I have always thought that Tom was expected to marry a "lady", someone with class who is a good accessory to him. Yet, he and Daisy do not seem to interact-and yet there are limits to how he can treat her.
Because Myrtle is of a different class, he feels like a king (in her eyes, especially), he can verbally berate her, physically assault her, and yet it does not affect him as it would if he treated Daisy that way, because Myrtle is just his mistress.
While Tom and Daisy are members of the social elite and upper class in the novel, Fitzgerald wants the reader to be aware that they are not morally elite or upper class - they are actually immoral and selfish people. Tom's attraction to Myrtle is a reflection of this. Myrtle is a lower class person and also immoral. But she differs from Tom in that her physical appearance and social standing reflect this. Tom is attracted to exactly what he is - an immoral, lower class person. Daisy's attraction to Gatsby is actually an attempt on her part to reject her immorality and become a better person. However, because she ultimately spurns Gatsby and therefore her chance at becoming a better person, in the end she destroys her chance to achieve goodness. That's why she leaves with Tom in the end. Daisy and Tom are both morally bankrupt people who deserve each other. Gatsby is too good for Daisy. However, Myrtle is not too good for Tom. It is Myrtle's desire to use Tom in a selfish way to try to improve her position in life that leads to her destruction. Myrtle is not a good person either - that's why Tom is attracted to her.

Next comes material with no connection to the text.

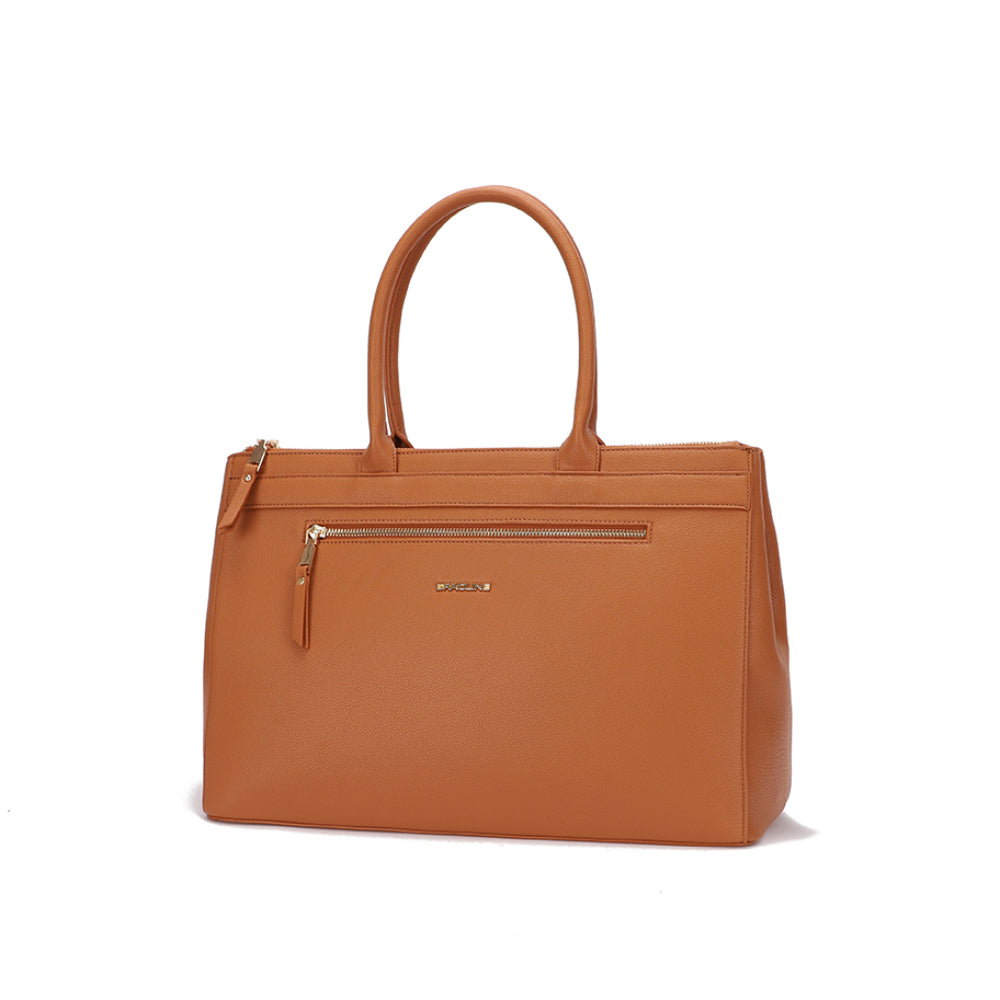 Saxoline Cartera New Office Tote Bag Camel Para Notebook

Excellent posts! The reader can tell that Myrtle is trying her best to play the part of upper class in the way she puts on her best dress and tries to cordially entertain guests at the apartment she and Tom own. We're led to believe that we may have had a deeper glance into Tom and Myrtle's relationship the night at the apartment, except our narrator got drunk.
"Likes" is probably too strong a word for the way Tom feels about Myrtle. Myrtle is an easy target for the abusive Tom. Myrtle, aspiring to a life beyond that of her working class husband, accepts his abuse. Tom takes a sadistic satisfaction in feeling superior to Myrtle (as he cannot to Gatsby or Daisy) and enjoys taking out his shortcomings on someone weak and needy.
Myrtle feels inferior in many ways. Sexually, she knows she is not beautiful like Daisy. (Nick describes her as carrying her "her surplus flesh sensuously as some women can.") She knows she is out of her league chasing Tom and the social circle he revolves in, but hopes desperately and pathetically to fit in.
I've always believed that Tom likes Myrtle because he can impress her. With Daisy, nothing Tom does is new, or inspiring, she's bored with him, they're bored with each other. Myrtle, however, worships Tom, and treats him like a hero (which is how she looks at him).